03. Mai 2022 · Lesedauer 2 min

Der Oberste Gerichtshof in den USA könnte laut einem Zeitungsbericht die legalisierte Abtreibung landesweit aufheben.

Ein durchgesickerter erster Entwurf einer Mehrheitsmeinung deute darauf hin, dass der Oberste Gerichtshof die Entscheidung Roe v. Wade kippen werde, berichtete die Zeitung "Politico" am Montag (Ortszeit). "Roe war von Anfang an ungeheuerlich falsch", schrieb demnach einer der Richter, Samuel Alito, laut dem Blatt in dem auf den 10. Februar datierten Papier. 

Biden Bereit zur Gegenwehr 

US-Präsident Joe Biden kündigte bereits Gegenwehr an. Es brauche ein landesweites Gesetz, welches das Recht auf Abtreibung schütze, sagte der US-Präsident am Dienstag. Er wolle sich dafür einsetzen, dass ein solches Gesetz "verabschiedet und unterzeichnet" werde. Der Oberste US-Gerichtshof dürfe sein Grundsatzurteil zu Abtreibungen von 1973 nicht kippen. "Wir werden bereit sein, wenn eine Entscheidung ergeht", so Biden. Mit den aktuellen Mehrheiten im Senat können Bidens Demokraten ein solches Gesetz aber nicht ohne weiteres durchbringen.

Er sei der Meinung, dass das Recht der Frau auf Wahlfreiheit von grundlegender Bedeutung sei und dass Roe v. Wade seit fast fünfzig Jahren geltendes Recht sei, so Biden. Der US-Präsident blickte in seiner Mitteilung auch auf die Kongresswahlen im November dieses Jahres. Es werden an den Wählerinnen und Wählern liegen, Abgeordnete und Senatoren zu wählen, die das Recht der Frau auf Entscheidungsfreiheit unterstützen. Es brauche mehr von ihnen, um schließlich ein entsprechendes Gesetz zum Recht auf Abtreibung zu verabschieden.

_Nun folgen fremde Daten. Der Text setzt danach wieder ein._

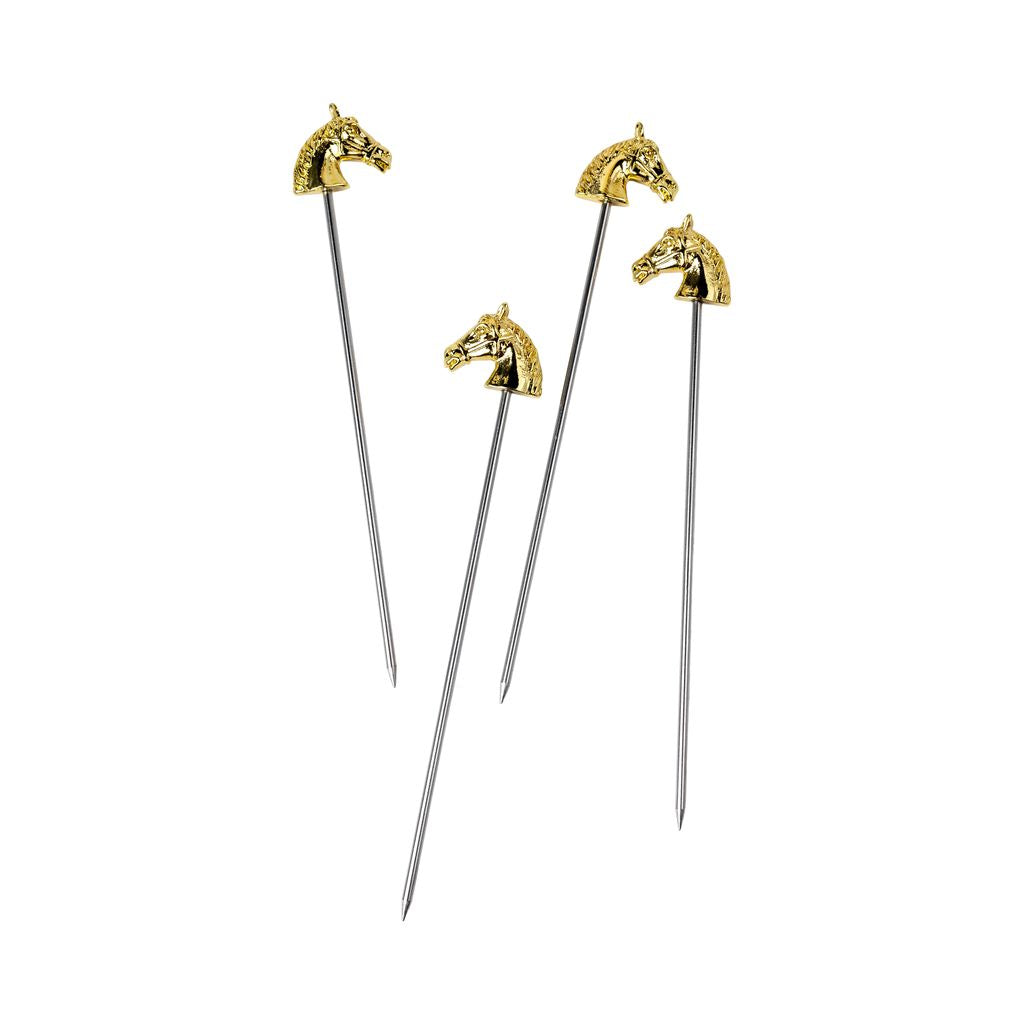 Four gold and silver food picks with horse head designs on a white background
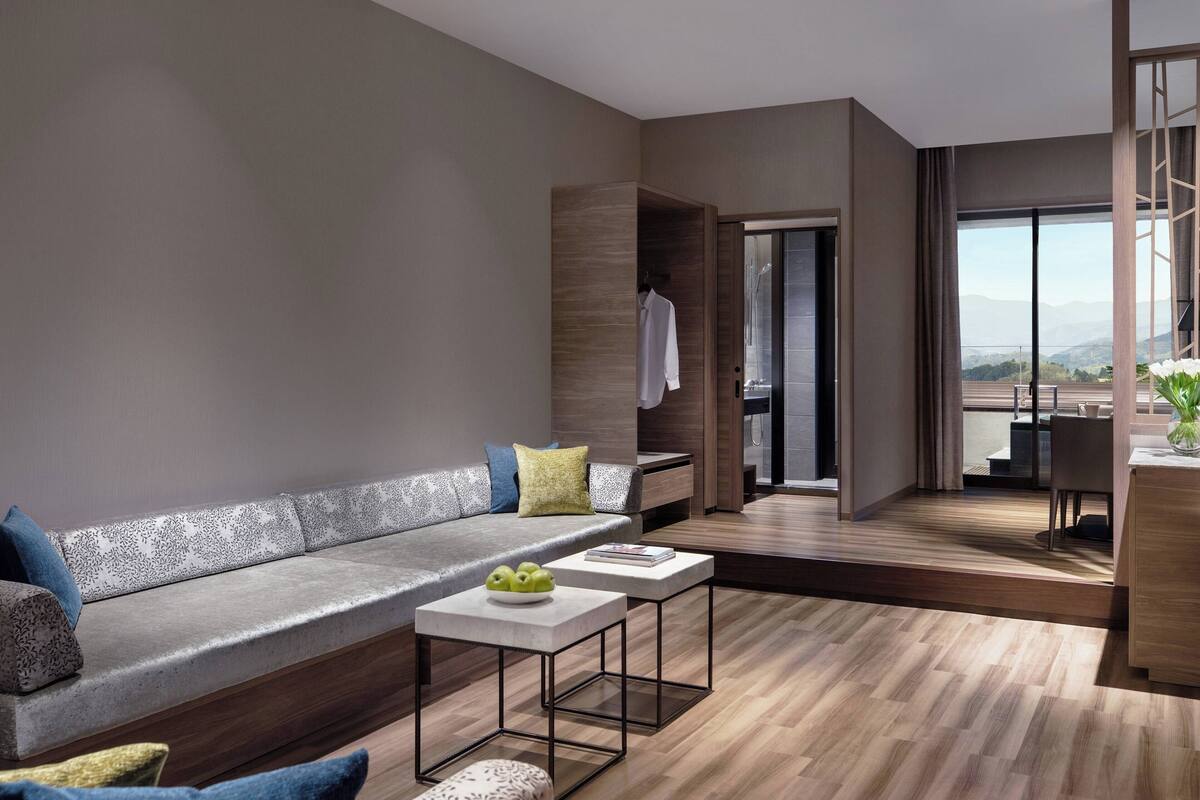 A modern living room with a sofa, a coffee table, and a view of a balcony with a table and chairs.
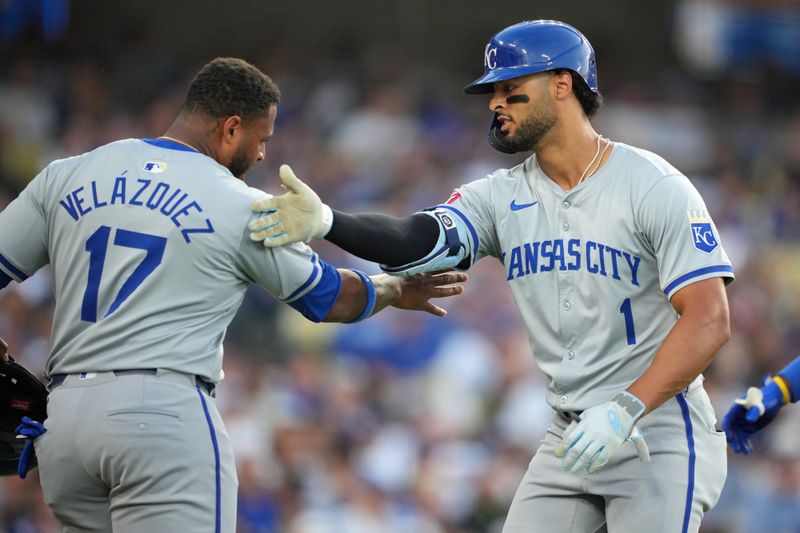 Jun 15, 2024; Los Angeles, California, USA; Kansas City Royals left fielder MJ Melendez (1) celebrates with designated hitter Nelson Velazquez (17) after hitting a grand slam home run in the sixth inning against the Los Angeles Dodgers at Dodger Stadium. Mandatory Credit: Kirby Lee-USA TODAY Sports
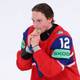 Reuters En ishockeyspiller i en rød drakt med nummer 12 biter på en gullmedalje. Spilleren har hendene rundt medaljen. Det er et hvitt bakteppe. (Bildebeskrivelsen er laget av en KI-tjeneste)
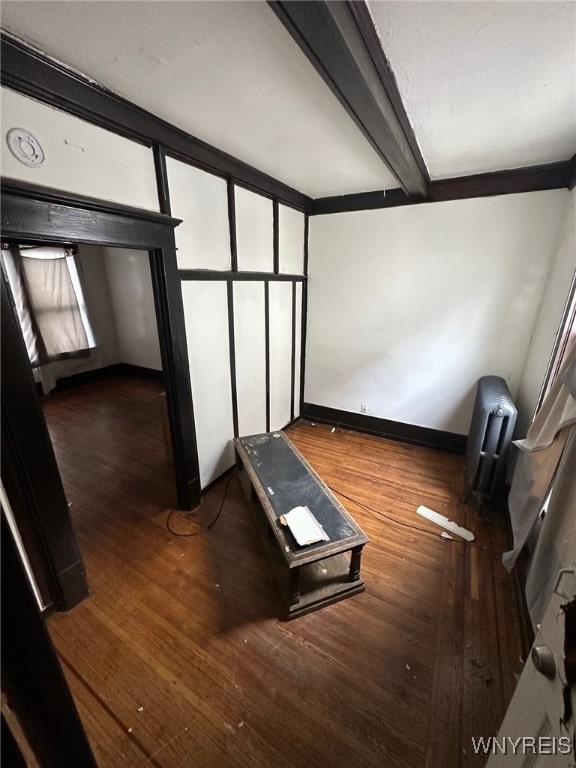 additional living space with beamed ceiling, baseboards, and wood finished floors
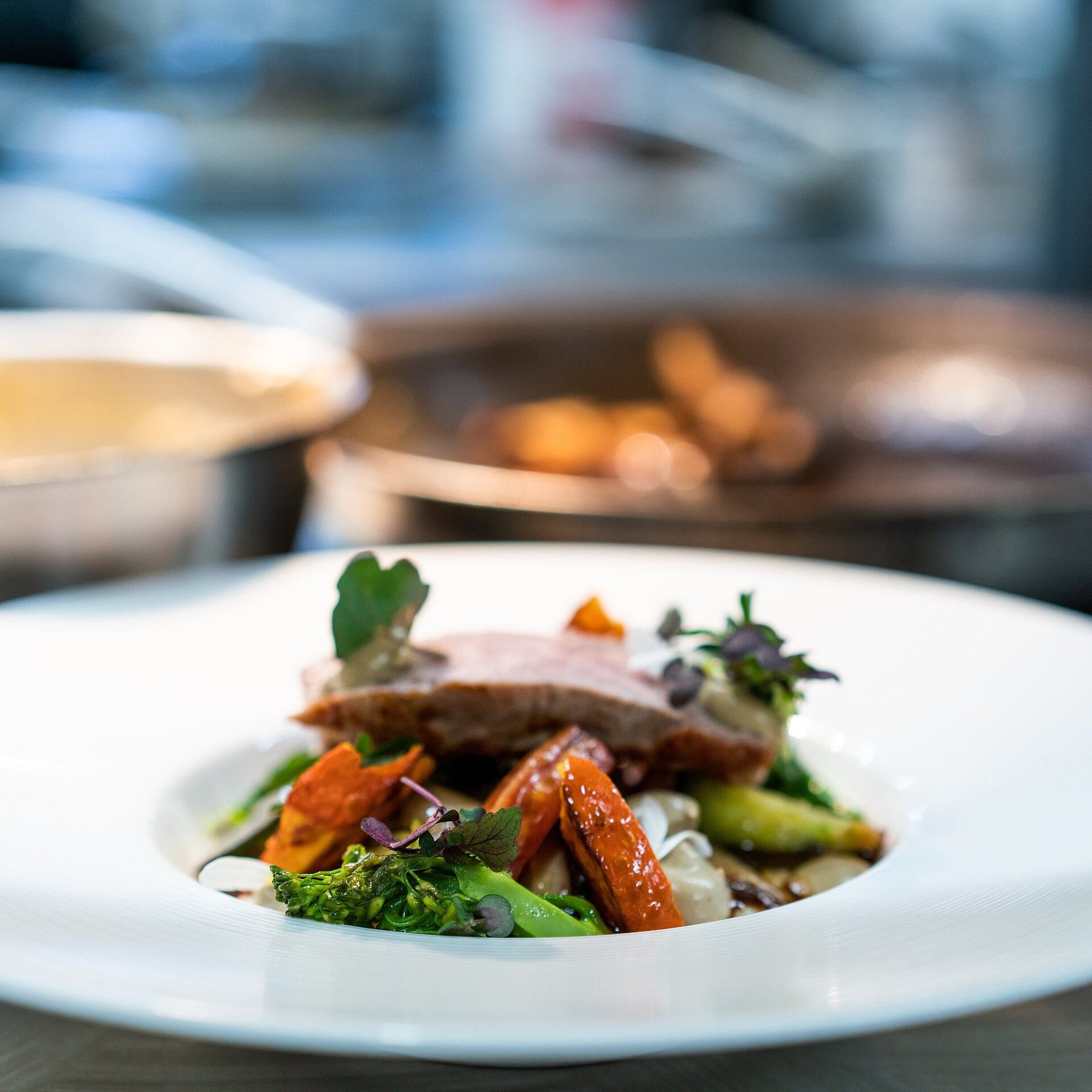 Assiette blanche remplie de viande et de légumes, avec des poêles en arrière-plan.
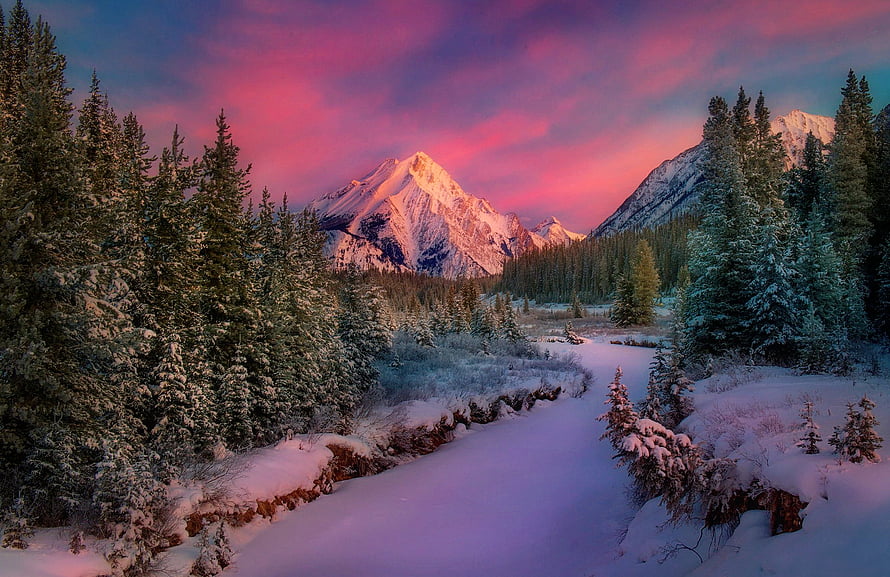 Snow-Capped Mountain Peak at Winter Sunset with Frozen River and Pine Forest HD wallpaper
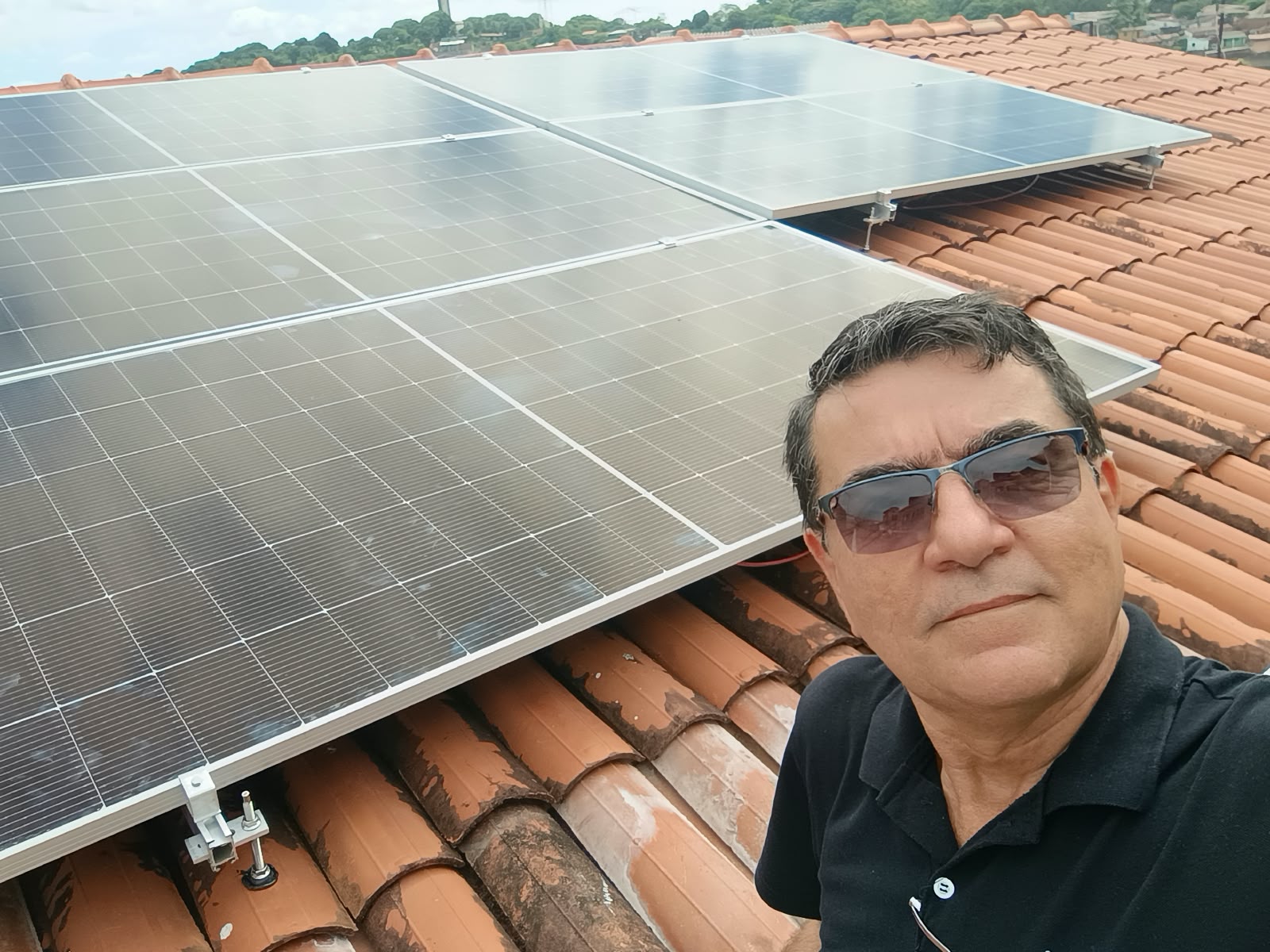 João Luiz junto a uma instalação de painéis solares em um telhado.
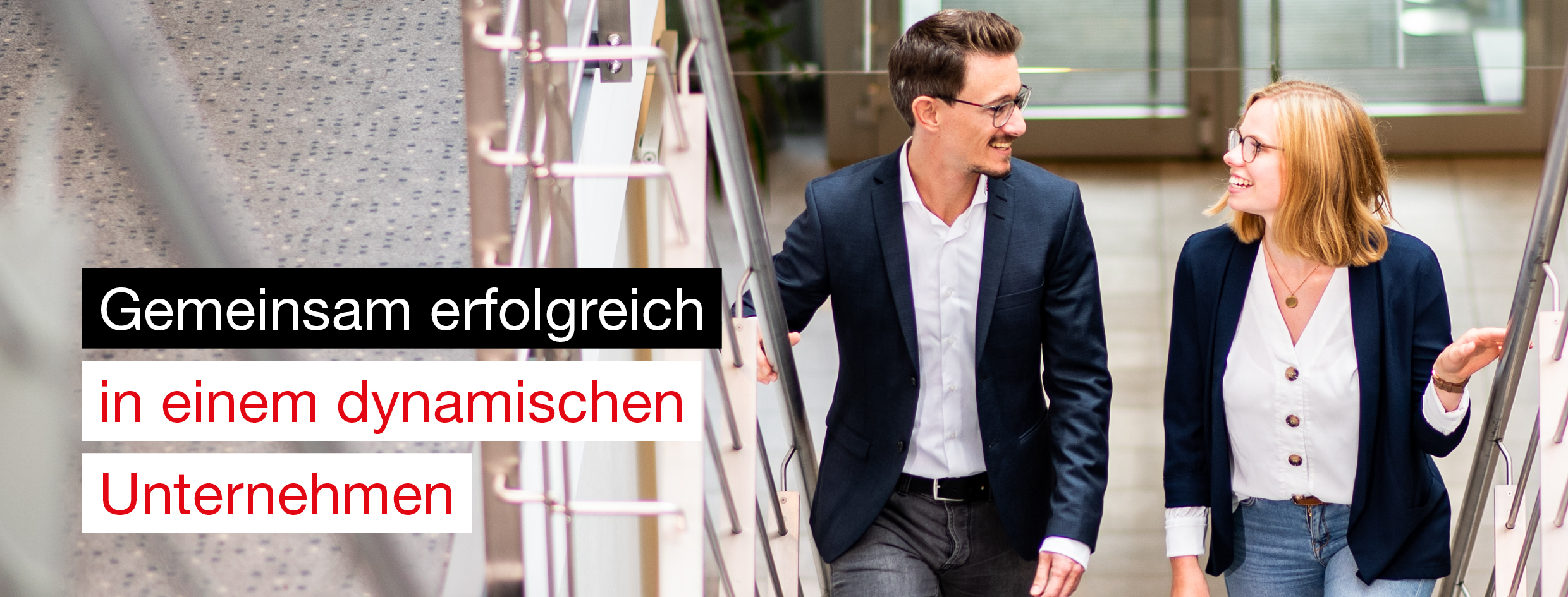 Junge, blonde Frau mit Brille und breitem Lächeln schaut direkt in die Kamera. Sie trägt einen dunkelblauen Blazer und steht in einem modernen Arbeitsumfeld. Links im Bild steht der Schriftzug 'Mach’s wie ich.'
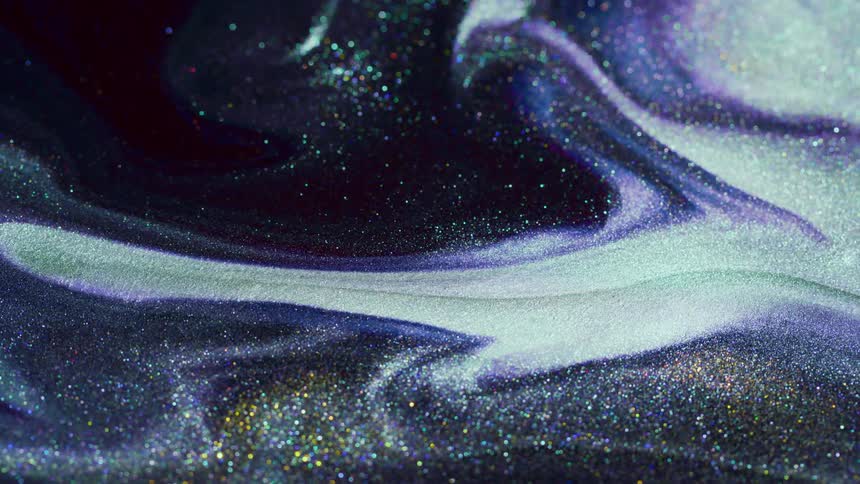 Sparkly gold and silver swirls mixed with white and blue on a black screen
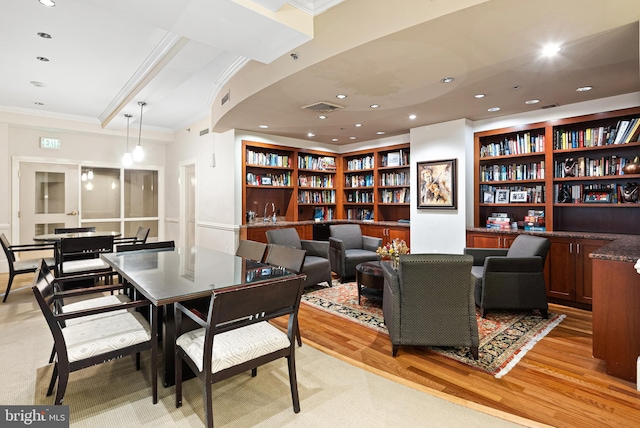 interior space with crown molding, built in shelves, and light wood-type flooring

Das Oberste Gericht in den USA ist mit einer konservativen Mehrheit von 6:3 Stimmen besetzt. Reuters konnte den Entwurf zunächst nicht unabhängig bestätigen. Der Oberste Gerichtshof und das Weiße Haus lehnten eine Stellungnahme ab.

Die Grundsatzentscheidung zum Präzedenzfall Roe v. Wade aus dem Jahr 1973 ist eines der umstrittensten Urteile des Supreme Court. Seit Jahrzehnten versuchen insbesondere erzkonservative Abtreibungsgegner, die Regelung zu Fall zu bringen und Schwangerschaftsabbrüche grundsätzlich verbieten zu lassen. Die Befürworter sehen in der Entkriminalisierung dagegen einen Meilenstein in der Geschichte liberaler Rechtsprechung in den USA.